### [TASK ITEM]
Repeat precisely the span of lines below that opens with the line containing "Portrait of a" and closes with the line containing "8-Bit Pixel Halloween", both included.

### [DATA TO USE]
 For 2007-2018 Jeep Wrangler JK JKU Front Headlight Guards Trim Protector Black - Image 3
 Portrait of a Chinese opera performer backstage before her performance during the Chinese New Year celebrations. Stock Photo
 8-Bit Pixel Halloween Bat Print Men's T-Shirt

* * *

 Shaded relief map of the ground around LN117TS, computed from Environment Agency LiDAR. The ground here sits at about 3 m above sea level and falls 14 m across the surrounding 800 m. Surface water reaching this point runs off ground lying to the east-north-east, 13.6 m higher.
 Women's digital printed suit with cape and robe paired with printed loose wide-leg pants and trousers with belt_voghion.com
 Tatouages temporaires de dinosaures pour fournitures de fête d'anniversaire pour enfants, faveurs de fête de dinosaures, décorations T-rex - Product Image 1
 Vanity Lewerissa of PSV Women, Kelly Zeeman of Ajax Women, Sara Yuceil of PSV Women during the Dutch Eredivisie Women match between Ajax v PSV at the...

### [SOLUTION FOR THIS TASK]
 Portrait of a Chinese opera performer backstage before her performance during the Chinese New Year celebrations. Stock Photo
 8-Bit Pixel Halloween Bat Print Men's T-Shirt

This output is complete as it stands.